City of Houston honors two pioneers in human space exploration

Two space pioneers who served their respective countries during a bitter Cold War were honored by artwork recently dedicated at a facility that housed NASA employees who came to Houston to establish what became Johnson Space Center.

The memorials, at Houston’s Gragg Building, not only commemorate anniversaries of the flights of Soviet cosmonaut Yuri Gagarin and U.S. astronaut John Glenn, they also mark the international cooperation that now characterizes human spaceflight.

Glenn’s three-orbit Friendship 7 flight on Feb. 20, 1962, the third of the Mercury Program, made him the first American to go into Earth orbit. On April 12, 1961, Gagarin’s one-orbit flight on Vostok 1marked the first time a human had flown in space. The Gagarin memorial is a nine-foot bronze statue of him reaching toward space. Glenn is honored by an 8.5- by 17-foot steel panel with his image and that of his spacecraft. The pieces symbolize the collaboration between two nations and the continued partnership on the International Space Station.

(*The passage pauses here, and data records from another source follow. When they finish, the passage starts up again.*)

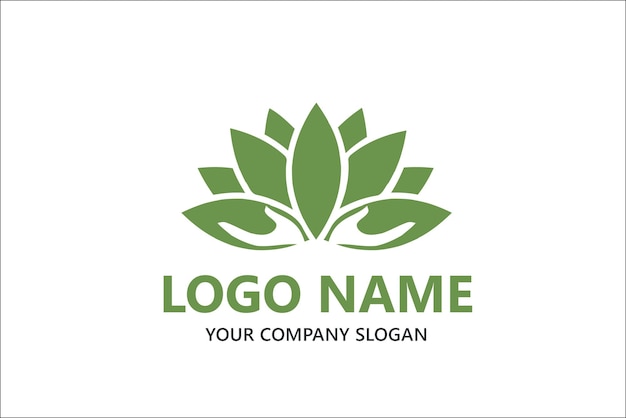 Spa yoga flor de loto con logo de mano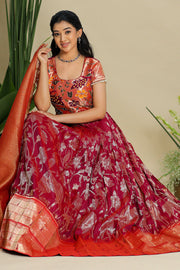 Red and Wine combination Pethani Zari Dress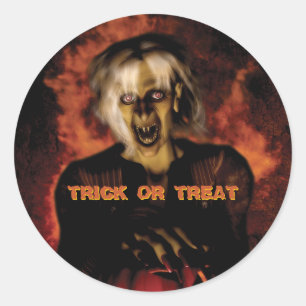 Hexe mit Kürbis gewischt. Halloween Runder Aufkleber
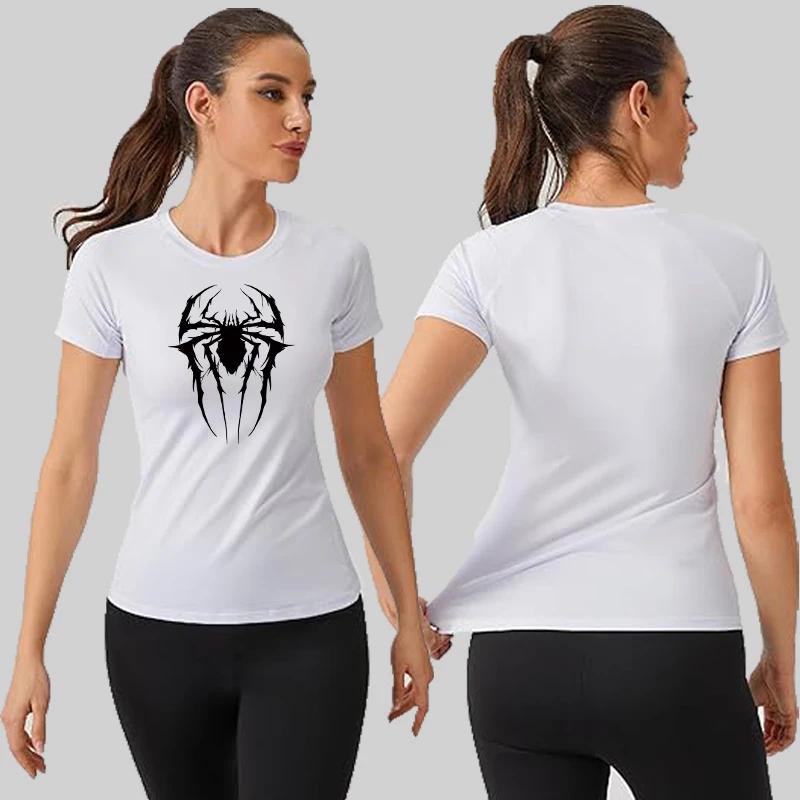 Chemise de Compression à manches courtes imprimé araignée pour femmes, T-Shirt d'athlétisme, de cour
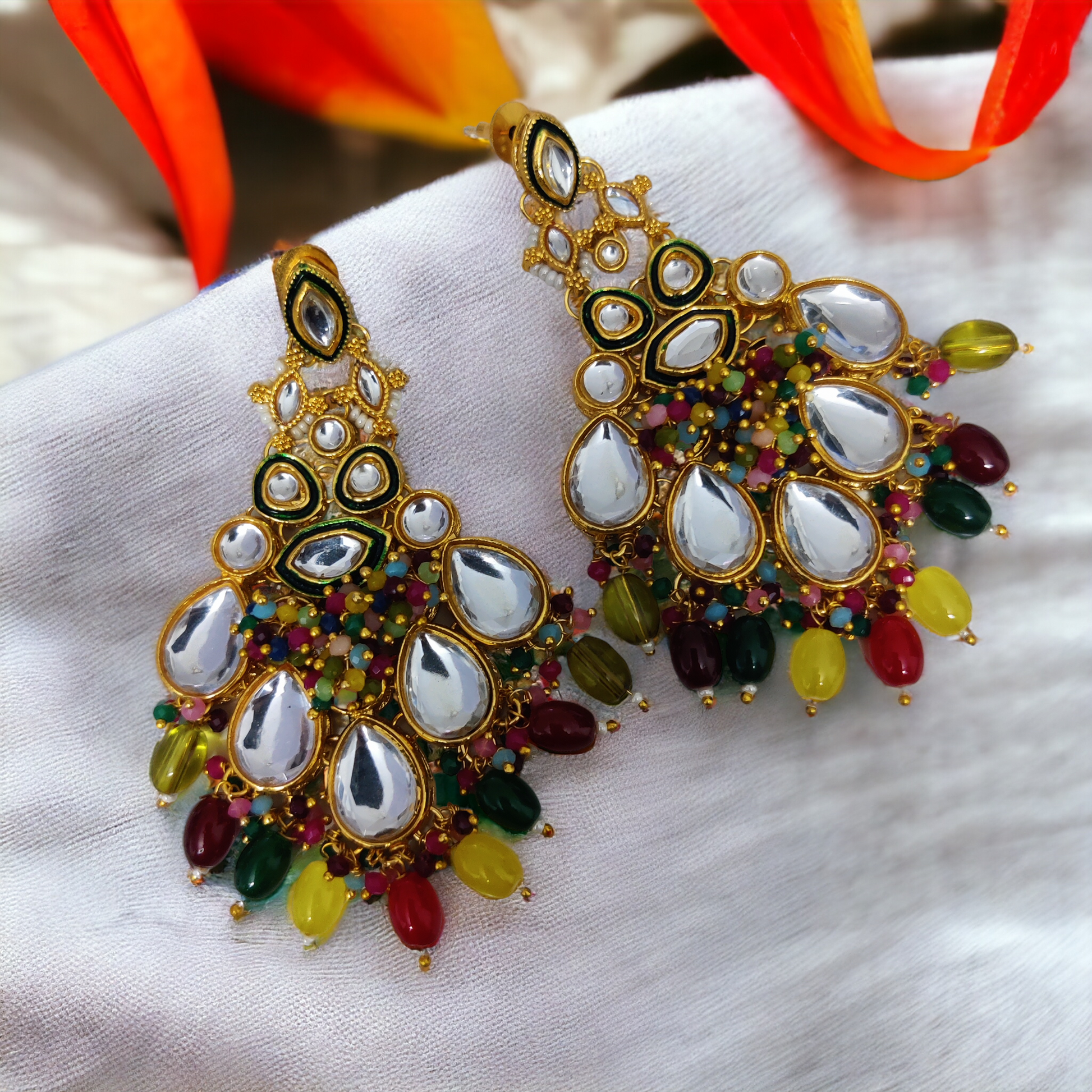 Kundan Danglers With Coloful Moti Earrings - Opal Touch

Artwork honoring astronaut John H. Glenn and cosmonaut Yuri A. Gagarin stand at the Gragg Building, NASA’s first Houston headquarters.
Artwork honoring astronaut John H. Glenn and cosmonaut Yuri A. Gagarin stand at the Gragg Building, NASA’s first Houston headquarters.
At the Oct. 15 dedication, NASA Administrator Charles Bolden said, “Today, we pay tribute to Gagarin and Glenn and to all those who made human space exploration possible. The historic trips around Earth performed by both men captured the world’s imagination and made it possible for the United States and Russia to transition into an honored international partnership.”

Houston Mayor Annise Parker said, “Houston is known as Space City, and what better way to commemorate such a great moment in history than to have both artworks at NASA’s original (Houston) headquarters.”

Other speakers included Gagarin’s daughter Galina Gagarin, and grandson, Yuri Gagarin. Russian Ambassador Sergey I. Kislyak was among distinguished guests.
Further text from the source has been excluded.